* Image-caption web data:
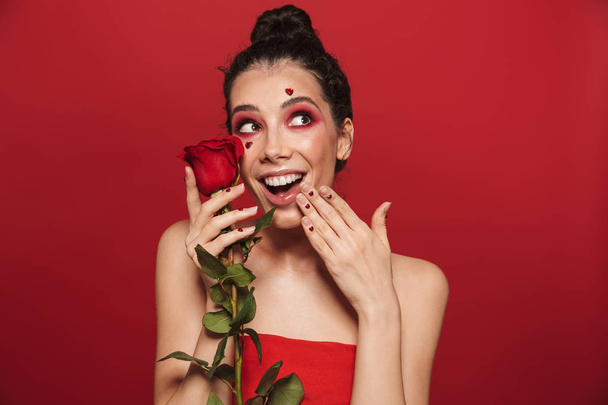 Beauty portrait of an attractive young topless woman wearing makeup standing isolated over red background, posing with a red rose - Photo, Image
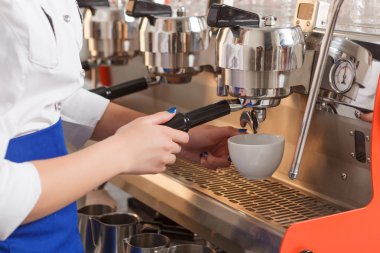 Close-up of barista making coffee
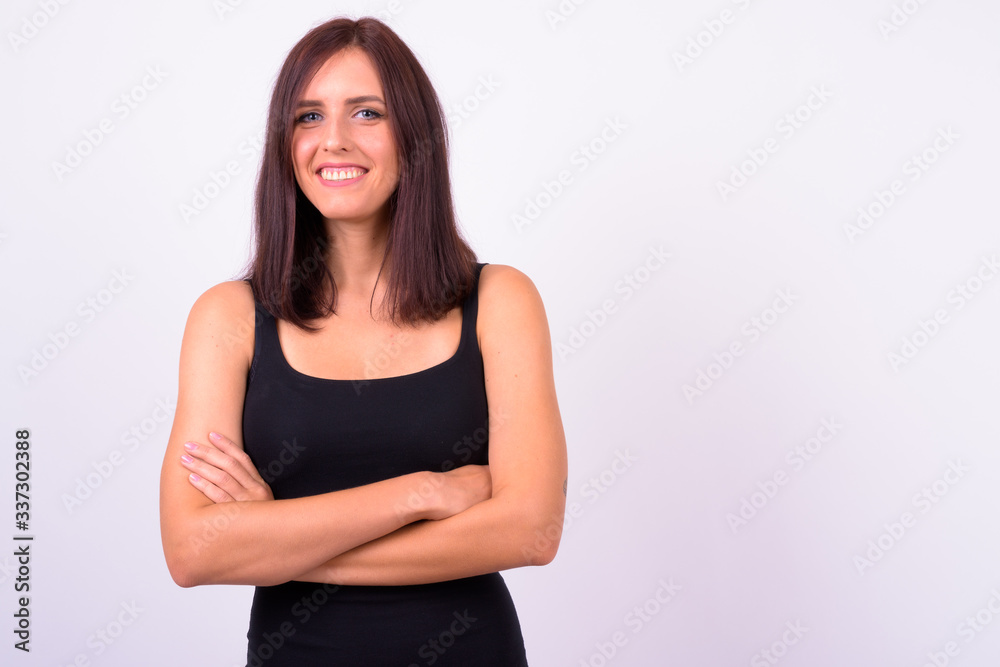 Portrait of happy young beautiful woman smiling with arms crossed Portrait of happy young beautiful woman smiling with arms crossed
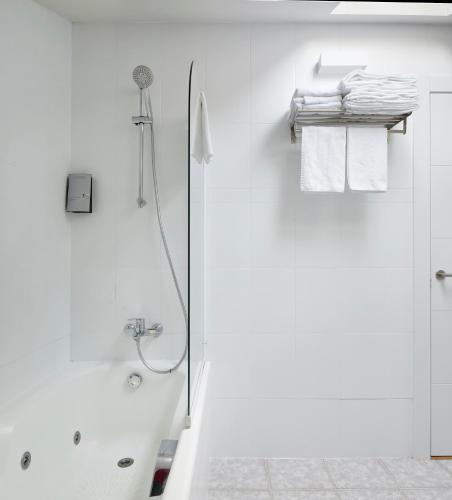 a white bathroom with a shower and towels at Hostal Rural Aritzalko in Echarri-Aranaz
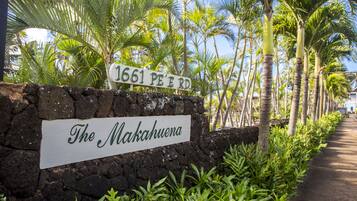 A sign with '1661 PE'ERD' and 'The Makahuena' written on it, surrounded by tropical plants and palm trees.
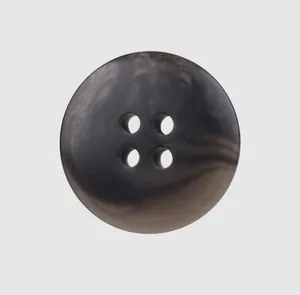 Detailed macro view of a dark marbled resin four-hole button used for high-end apparel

* WHAT IS BEING ASKED: Images stay out, but the rest of the records must be retyped exactly.

* TASK ANSWER:
 Beauty portrait of an attractive young topless woman wearing makeup standing isolated over red background, posing with a red rose - Photo, Image
 Close-up of barista making coffee
 Portrait of happy young beautiful woman smiling with arms crossed Portrait of happy young beautiful woman smiling with arms crossed
 a white bathroom with a shower and towels at Hostal Rural Aritzalko in Echarri-Aranaz
 A sign with '1661 PE'ERD' and 'The Makahuena' written on it, surrounded by tropical plants and palm trees.
 Detailed macro view of a dark marbled resin four-hole button used for high-end apparel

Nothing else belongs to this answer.